El relato del nuevo eje parte del supuesto que las obras públicas determinan la manera en que habitamos la ciudad. De otro modo no se explicaría la insistencia de que el nuevo diseño pondrá énfasis en el ejercicio de la ciudadanía a través de la cultura, las áreas verdes, los ciclistas y los peatones. Así se recuerda que la Alameda de las Delicias era en su origen un lugar para caminar y no para conducir vehículos, tal como lo rememora la alocución postrera del presidente Allende.
La lógica tras el anuncio reivindica algo por lo cual ha habido esfuerzos de distintos actores desde hace mucho tiempo: la necesidad de pensar nuestras ciudades y verlas como tales. Es imperdonable que estos cuerpos hechos de infinitas interrelaciones sean, a la hora de los diseños y las políticas públicas, vistos más bien como una suma de comunas. Parte de esto es lo que da sentido a la necesidad de aumentar las atribuciones de los gobernadores regionales, que es un compromiso de campaña de la actual administración.
Pensar la ciudad es una forma de actuar en favor del bien común y de la profundización de la democracia. Es abogar por disminuir los tiempos de desplazamiento de los más pobres, hacer más equitativo el acceso a servicios y áreas verdes, proteger a las personas de catástrofes que podrían preverse, como acaba de ocurrir con los incendios de Viña del Mar, la urbe que cerro arriba de la fachada de ciudad jardín esconde más de cien campamentos, la mayor cifra en todo el país. Es, entonces, empezar a hablar del derecho a la ciudad, que según autores como David Harvey y Henri Lefebvre equivale a construir espacios para el ejercicio de la ciudadanía y no solo para las transacciones inequitativas del modelo económico.

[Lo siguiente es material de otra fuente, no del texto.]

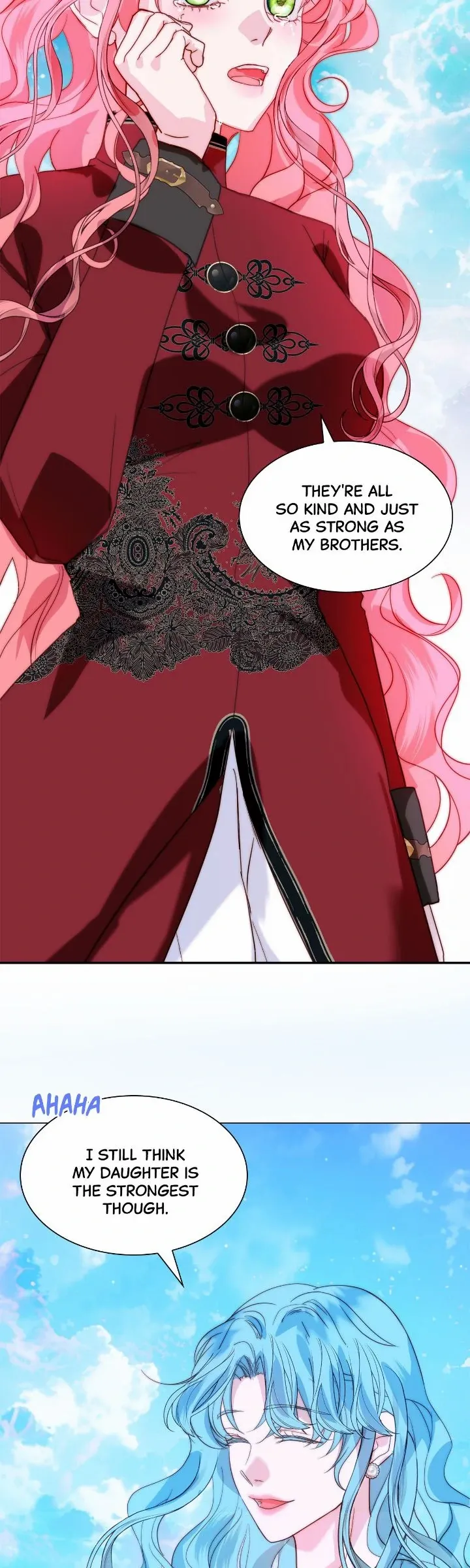 Born as the Second Daughter Chapter 66 - page 9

Por todos estos motivos y por otros que no caben en esta columna, la discusión sobre las ciudades es profundamente política. Sacarlas de su invisibilidad y desnaturalizar el modo en que han sido construidas ya es una acción política de gran magnitud.

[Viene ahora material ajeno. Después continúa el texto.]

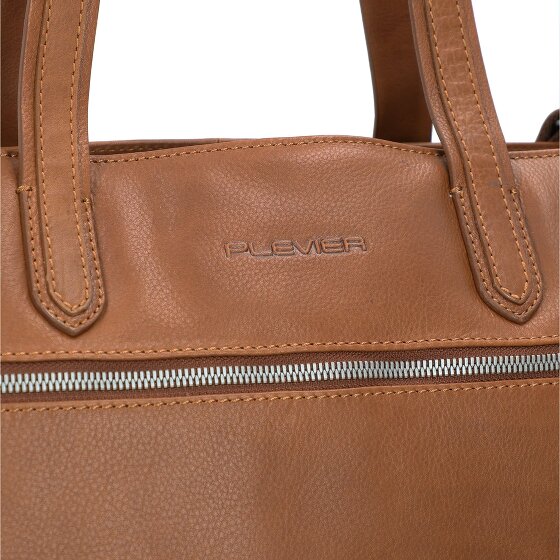 Plevier Power Borsa shopper Pelle 43.5 cm Scomparto per laptop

En resumen, la ciudad anhelada es aquella que nos acoge y nos integra, no una que nos segregue o nos expulse como ocurrió con los campamentos convertidos en poblaciones periféricas durante la década del ´80 del siglo pasado. La cohesión social que se invoca como una de las grandes deudas de Chile depende en buena medida de cómo se organicen las ciudades. Porque es, ni más ni menos, donde transcurre la vida toda de la mayoría de los habitantes del país.